- **ENTRIES PROVIDED**
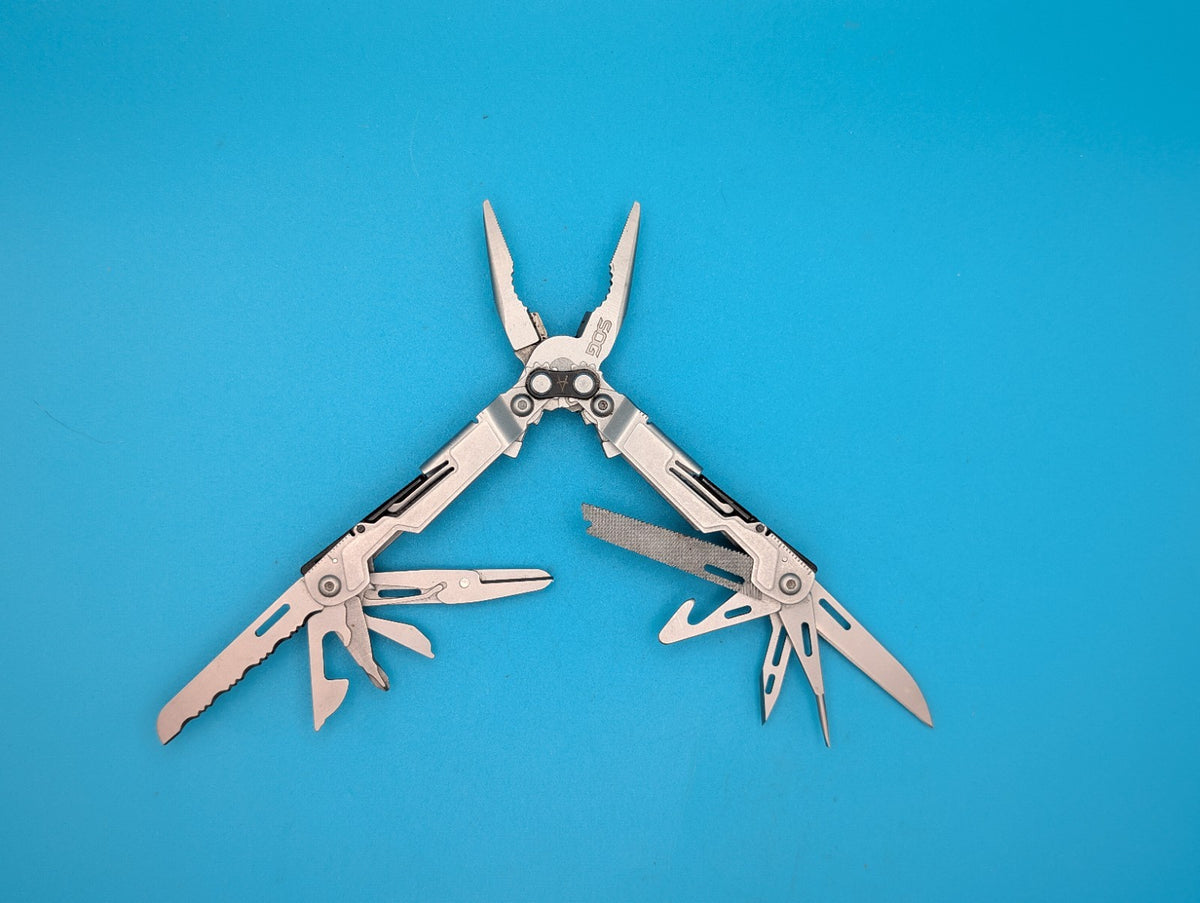 SOG PowerPint Tool Compact Lightweight Silver Multi-Tool!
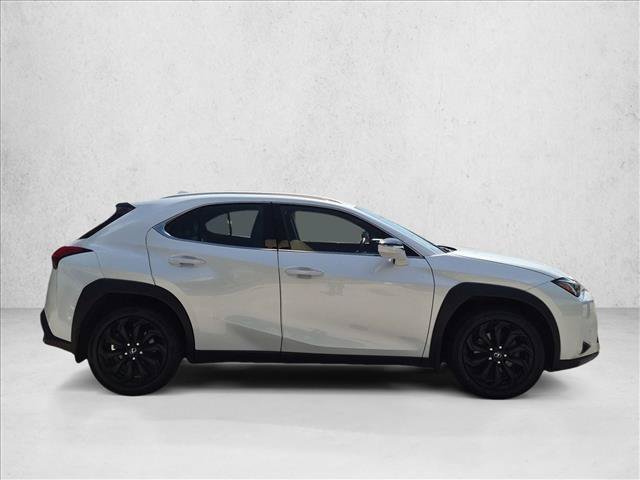 Used 2022 Lexus UX 200 w/ Accessory Package (Z2) FWD image 4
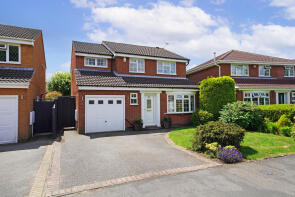 32, Beaumont Green, Leicester LE6 0EP
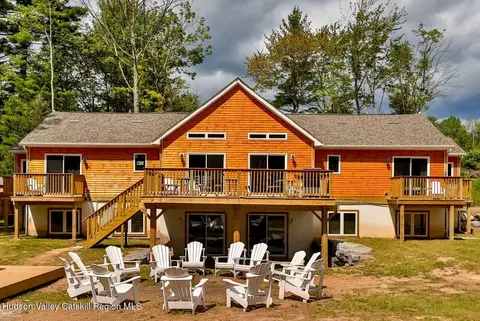 6493 New York 23a, Tannersville, NY 12485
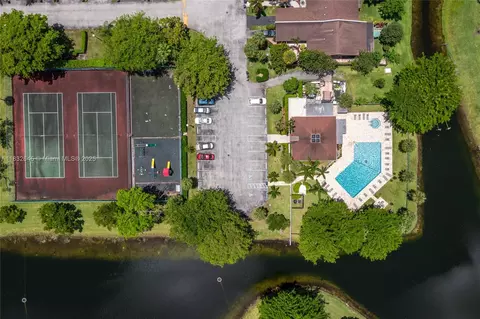 5109 NW 11th Way, Pompano Beach, FL 33064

- **WHAT IS EXPECTED**
Transcribe, please, the lines from the one holding "32, Beaumont Green, Leicester LE6 0EP" to the final line of the material, both included, exactly and with no extra lines, and skip the pictures.

- **ANSWER TO THIS TASK**
 32, Beaumont Green, Leicester LE6 0EP
 6493 New York 23a, Tannersville, NY 12485
 5109 NW 11th Way, Pompano Beach, FL 33064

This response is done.